DataInf: Efficiently Estimating Data Influence in LoRA-tuned LLMs and Diffusion Models

We provide a key part of "DataInf: Efficiently Estimating Data Influence in LoRA-tuned LLMs and Diffusion Models" implementation.

Quick start

(Task 1) Mislabeled data detection

An easy-to-start Jupyter notebook notebokes/Mislabeled_Data_Detection-RoBERTa-MRPC.ipynb demonstrates how to compute the influence function values and how to detect mislabeled data points using the computed influence function values.

We use the RoBERTa-large model and LoRA, a parameter-efficient fine-tuning technique, to significantly reduce the total number of parameters.
We consider a noisy version of the GLUE-MRPC dataset; We synthetically generate mislabeled data points by flipping the label of data points. We randomly selected 20% of data points.

(Task 2) Influential data identification

A Jupyter notebook notebokes/Influential_Data_Identification-Llama2-Math-Reason.ipynb demonstrates how to efficiently compute the influence function values, showing its applications to identify most influential data points. We use the llama2-13b-chat. It has thw following steps.

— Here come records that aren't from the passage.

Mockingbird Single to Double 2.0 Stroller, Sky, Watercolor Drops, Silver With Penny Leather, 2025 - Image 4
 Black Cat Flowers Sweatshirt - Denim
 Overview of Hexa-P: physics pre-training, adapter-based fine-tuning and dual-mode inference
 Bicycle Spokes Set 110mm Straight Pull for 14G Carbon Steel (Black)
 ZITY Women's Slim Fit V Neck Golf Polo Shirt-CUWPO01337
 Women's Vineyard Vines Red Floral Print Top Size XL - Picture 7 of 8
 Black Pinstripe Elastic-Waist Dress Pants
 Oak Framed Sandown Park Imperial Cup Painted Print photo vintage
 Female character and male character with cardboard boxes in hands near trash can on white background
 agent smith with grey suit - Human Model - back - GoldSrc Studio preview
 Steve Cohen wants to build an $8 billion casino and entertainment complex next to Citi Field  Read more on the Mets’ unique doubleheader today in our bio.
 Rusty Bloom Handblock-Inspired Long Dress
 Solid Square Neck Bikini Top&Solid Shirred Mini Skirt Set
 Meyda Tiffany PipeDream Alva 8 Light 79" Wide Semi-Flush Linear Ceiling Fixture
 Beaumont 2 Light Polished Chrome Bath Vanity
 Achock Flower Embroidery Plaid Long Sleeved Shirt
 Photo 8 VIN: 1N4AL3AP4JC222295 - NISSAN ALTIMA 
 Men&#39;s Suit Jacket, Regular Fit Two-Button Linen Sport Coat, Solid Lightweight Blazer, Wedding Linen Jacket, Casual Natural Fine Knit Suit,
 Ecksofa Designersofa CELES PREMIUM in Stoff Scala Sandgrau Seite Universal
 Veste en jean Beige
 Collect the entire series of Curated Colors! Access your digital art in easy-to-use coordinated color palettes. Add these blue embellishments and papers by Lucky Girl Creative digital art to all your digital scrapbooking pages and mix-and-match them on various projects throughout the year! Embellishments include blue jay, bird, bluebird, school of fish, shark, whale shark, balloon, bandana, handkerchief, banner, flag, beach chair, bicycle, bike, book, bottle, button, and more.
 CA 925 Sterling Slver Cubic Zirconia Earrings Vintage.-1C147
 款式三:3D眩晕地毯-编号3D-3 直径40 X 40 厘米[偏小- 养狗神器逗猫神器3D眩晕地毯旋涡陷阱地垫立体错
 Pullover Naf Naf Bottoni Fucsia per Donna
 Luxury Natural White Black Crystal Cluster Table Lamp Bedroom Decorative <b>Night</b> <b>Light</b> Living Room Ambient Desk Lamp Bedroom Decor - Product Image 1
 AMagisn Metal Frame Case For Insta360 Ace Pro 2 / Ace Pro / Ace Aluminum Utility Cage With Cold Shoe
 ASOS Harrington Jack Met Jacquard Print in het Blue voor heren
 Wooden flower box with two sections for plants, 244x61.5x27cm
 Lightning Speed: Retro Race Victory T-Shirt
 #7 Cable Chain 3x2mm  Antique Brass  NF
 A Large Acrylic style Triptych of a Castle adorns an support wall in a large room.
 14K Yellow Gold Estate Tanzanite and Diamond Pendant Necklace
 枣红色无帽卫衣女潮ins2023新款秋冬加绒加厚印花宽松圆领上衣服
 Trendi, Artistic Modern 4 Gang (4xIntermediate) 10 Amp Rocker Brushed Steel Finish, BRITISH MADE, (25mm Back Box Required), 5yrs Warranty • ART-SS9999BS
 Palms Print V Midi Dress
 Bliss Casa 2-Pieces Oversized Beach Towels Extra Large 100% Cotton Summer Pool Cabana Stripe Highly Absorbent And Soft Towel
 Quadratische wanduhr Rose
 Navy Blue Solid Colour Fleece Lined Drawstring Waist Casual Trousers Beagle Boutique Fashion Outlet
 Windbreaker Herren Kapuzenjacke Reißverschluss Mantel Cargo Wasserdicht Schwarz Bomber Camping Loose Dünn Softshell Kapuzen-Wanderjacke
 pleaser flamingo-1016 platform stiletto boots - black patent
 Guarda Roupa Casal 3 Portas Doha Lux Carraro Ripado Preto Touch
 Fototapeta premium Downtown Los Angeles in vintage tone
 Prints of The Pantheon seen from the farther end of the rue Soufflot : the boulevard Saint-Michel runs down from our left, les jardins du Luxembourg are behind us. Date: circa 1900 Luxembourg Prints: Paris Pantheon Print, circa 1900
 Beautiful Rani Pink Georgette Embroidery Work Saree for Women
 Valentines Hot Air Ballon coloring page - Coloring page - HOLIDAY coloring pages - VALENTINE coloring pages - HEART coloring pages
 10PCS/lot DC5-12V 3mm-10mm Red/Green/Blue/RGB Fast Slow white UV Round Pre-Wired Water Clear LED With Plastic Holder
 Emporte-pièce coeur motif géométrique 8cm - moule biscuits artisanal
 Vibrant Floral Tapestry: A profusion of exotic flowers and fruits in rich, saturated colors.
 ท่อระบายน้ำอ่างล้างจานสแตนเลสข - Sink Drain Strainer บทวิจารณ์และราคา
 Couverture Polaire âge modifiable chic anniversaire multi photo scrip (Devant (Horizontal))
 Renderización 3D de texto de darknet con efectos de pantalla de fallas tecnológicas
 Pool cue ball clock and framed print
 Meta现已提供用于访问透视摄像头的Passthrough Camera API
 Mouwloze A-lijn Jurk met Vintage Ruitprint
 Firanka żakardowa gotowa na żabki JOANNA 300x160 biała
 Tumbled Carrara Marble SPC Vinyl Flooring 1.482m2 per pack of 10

Step 1 Dataset generation: generate the math_problem (with reasoning) dataset with the following bash command. It will be stored at the datasets folder.

python3 src/generate_sentence-math_datasets.py

It will generate the sentence_transformation and math_problem (withour reasoning) datasets as well.

Step 2 Fine-tune a model: fine-tune a llama-2-13b-chat model on the math problem (with reasoning) dataset. We use src/sft_trainer.py, which is built on HuggingFace's SFTTrainer. A sample CLI is given as follows.

python /YOUR-DATAINF-PATH/DataInf/src/sft_trainer.py \
    --model_name /YOUR-LLAMA-PATH/llama/models_hf/llama-2-13b-chat \
    --dataset_name /YOUR-DATAINF-PATH/DataInf/datasets/math_with_reason_train.hf \
    --output_dir /YOUR-DATAINF-PATH/DataInf/models/math_with_reason_13bf \
    --dataset_text_field text \
    --load_in_8bit \
    --use_peft

Step 3 Compute the gradients and influence function values.

The core python file

dataloader.py includes the construction of tokenizers and generates noisy datasets.
lora_model.py includes LoRA modules.
influence.py includes influence computation algorithms.
generate_sentence-math_datasets.py generates the sentence_transformation and the math problem datasets.

CLI tool for mislabeled data detection tasks

We also provide a CLI tool. The following command will compute the influence function values of the GLUE-QNLI dataset. It uses the RoBERTa-large model and the LoRA rank is set to 8.

python3 launcher.py run --exp_id='config_qnli4' --run-id=0 --runpath='./'

Note

version: 0.0.5
Many more easy-to-start Jupyter notebooks will be added!!